» **Extracted data**
┌────────

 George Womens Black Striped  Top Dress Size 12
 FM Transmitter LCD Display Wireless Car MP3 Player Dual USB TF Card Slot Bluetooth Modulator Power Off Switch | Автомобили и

└────────
┌────────

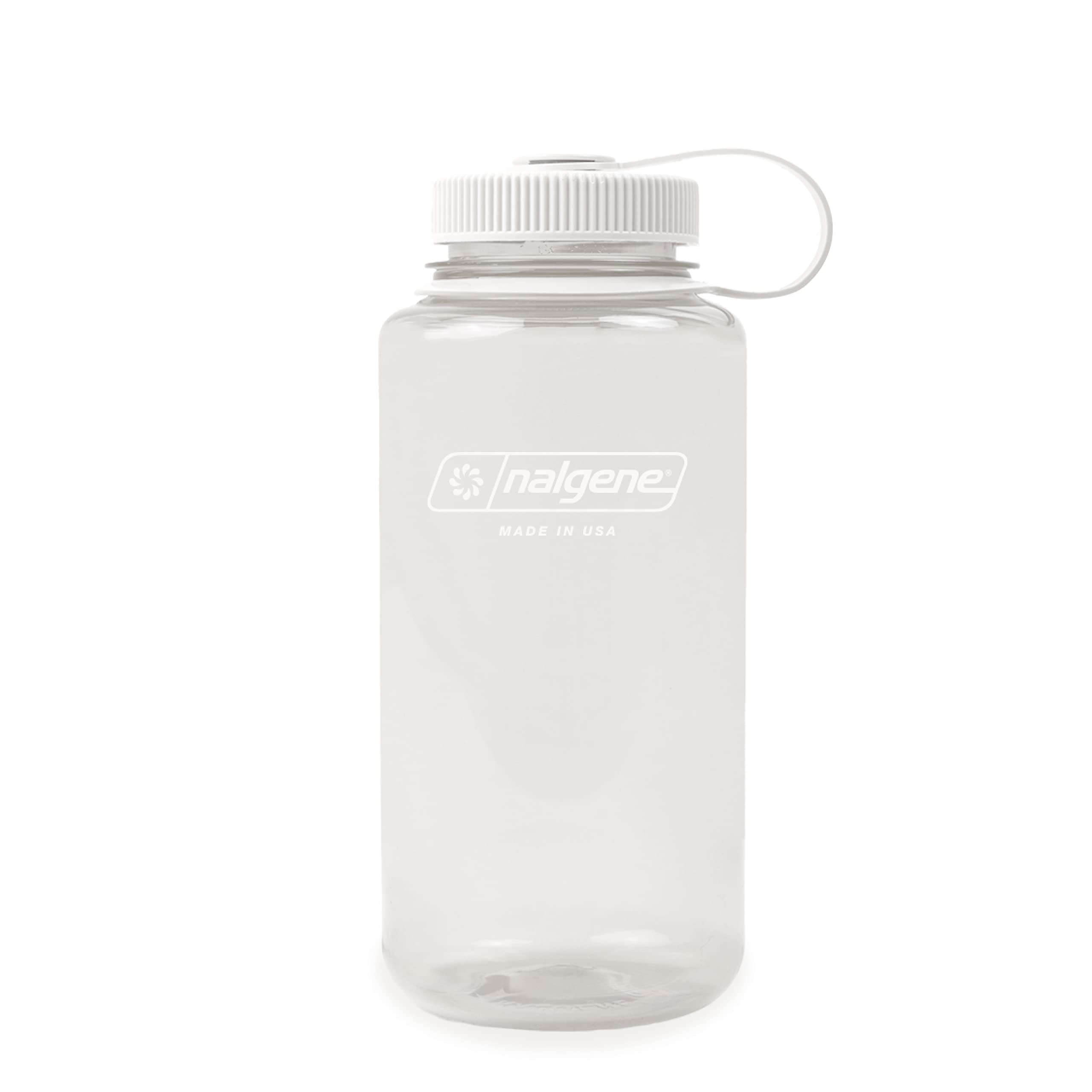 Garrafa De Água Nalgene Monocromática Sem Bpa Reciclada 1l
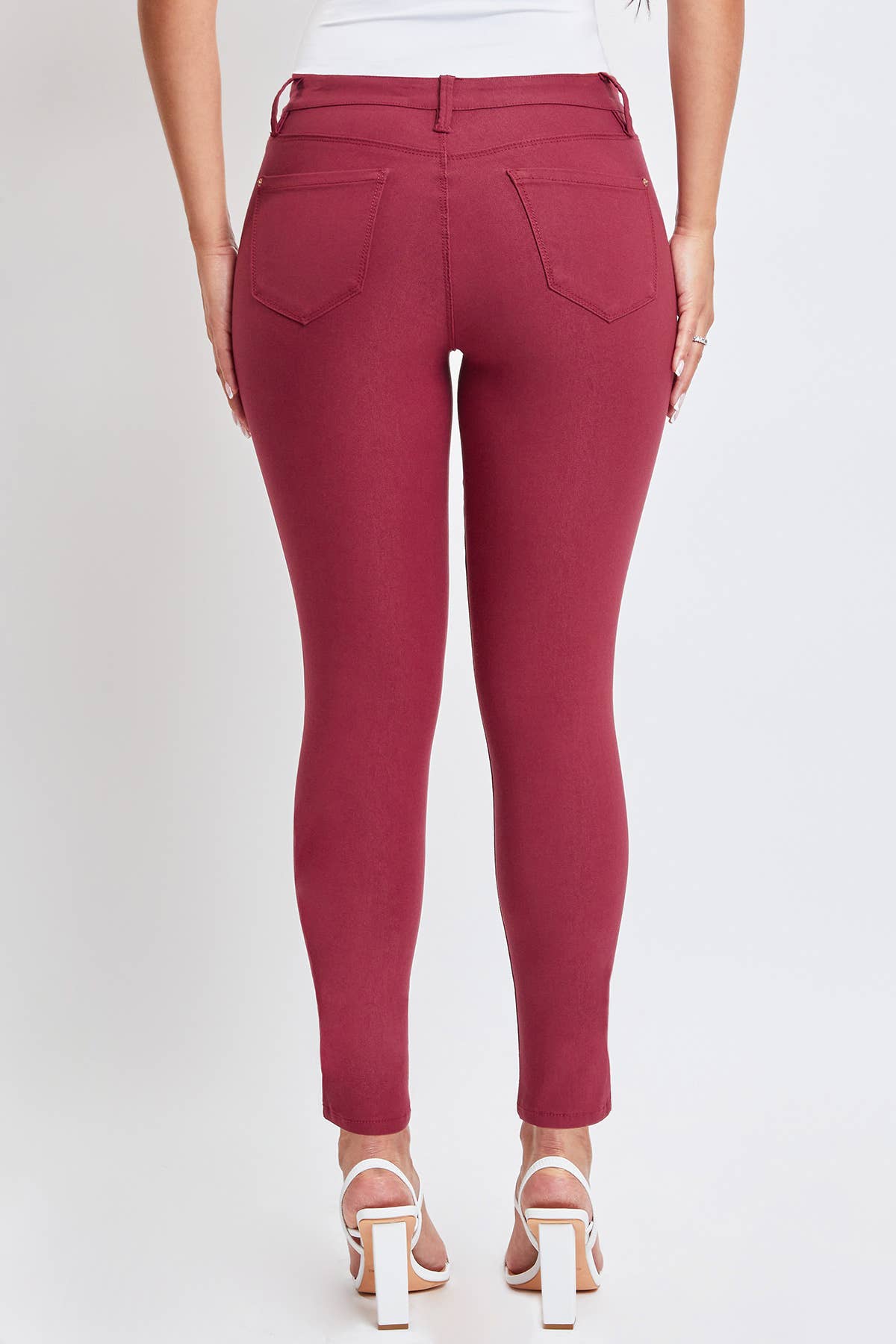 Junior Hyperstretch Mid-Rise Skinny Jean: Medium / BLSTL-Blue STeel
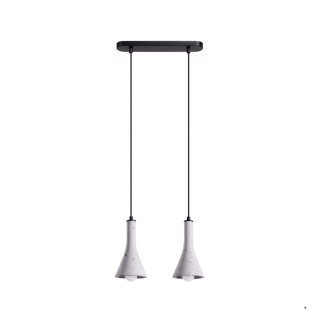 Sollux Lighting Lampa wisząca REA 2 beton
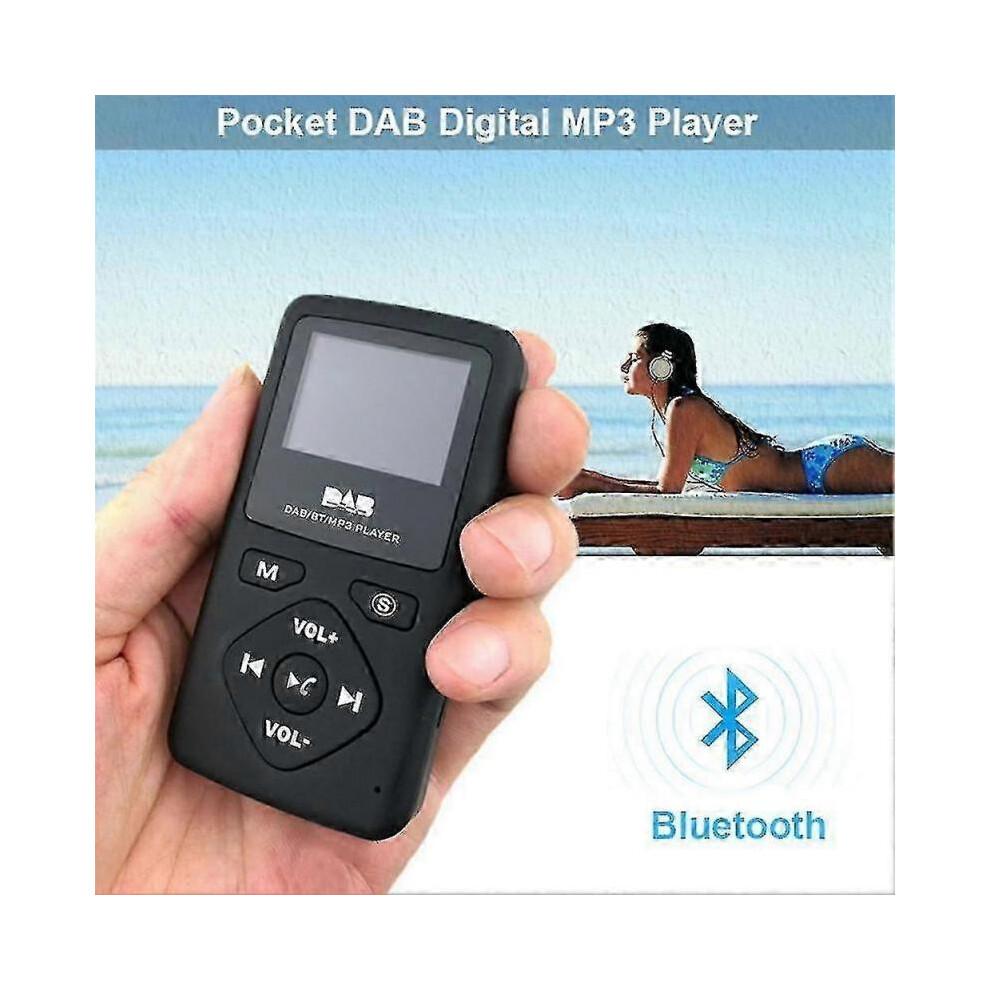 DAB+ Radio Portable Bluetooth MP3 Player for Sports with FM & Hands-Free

└────────

» **Problem statement**
Drop the pictures; return the lines above from the line containing "Garrafa De Água" to the line containing "DAB+ Radio Portable", both included, exactly.

» **Exercise result**
 Garrafa De Água Nalgene Monocromática Sem Bpa Reciclada 1l
 Junior Hyperstretch Mid-Rise Skinny Jean: Medium / BLSTL-Blue STeel
 Sollux Lighting Lampa wisząca REA 2 beton
 DAB+ Radio Portable Bluetooth MP3 Player for Sports with FM & Hands-Free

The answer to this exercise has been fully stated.